March 2015

  • Folklore

    Siobhan Maloney writes in Humane Pursuits on the “three functions of fairytale,” relating those functions through her father’s annual reading of J.R.R. Tolkien:

    Tolkien isn’t suggesting the denial of or escape from reality. Instead, as Stratford Caldecott aptly describes, fairytales provide “…an escape into reality. It is the world of the everyday—boring, banal, dull, meaningless—that is the prison from which this kind of fantasy seeks to liberate us, not by distracting us from the real but by showing us the deeper patterns and meanings that lie concealed within it.” (Caldecott, A Hidden Presence, pg. 2).

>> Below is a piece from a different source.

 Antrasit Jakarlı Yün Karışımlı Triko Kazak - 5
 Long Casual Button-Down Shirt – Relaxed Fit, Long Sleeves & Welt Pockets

Fantasy enables you to escape the boundaries of time and space, in order to remind you that you are made for the eternal. The fairytale, Tolkien says, is the human attempt to satisfy the desire for a world that is deeper, richer, and more beautiful than the present one. It’s the recapitulation of our longing for a “paradise lost.” Fairytales make you remember.

    This reminds me of a line from Roger Scruton’s BBC documentary “Why Beauty Matters.” At one point he remarks (I’m paraphrasing) that the purpose of art is “to show the real, in the light of the ideal, and so transfigure it.”

    This is also what fairytales like Tolkien’s can do, and what folklore more generally can do. They can take our everyday experiences and help us see those real things in a fuller context. That enhanced perspective can transform our experiences by suggesting there is value in them beyond the obvious.

  • Maureen Mullarkey on the soma of art and sex education, relating an event that is to my perhaps naive perspective a culturally diminishing event: “…when a grown woman plays… by herself in the Musée d’Orsay, under lights, and in full view of other grownups, we know we are not in a playroom anymore.”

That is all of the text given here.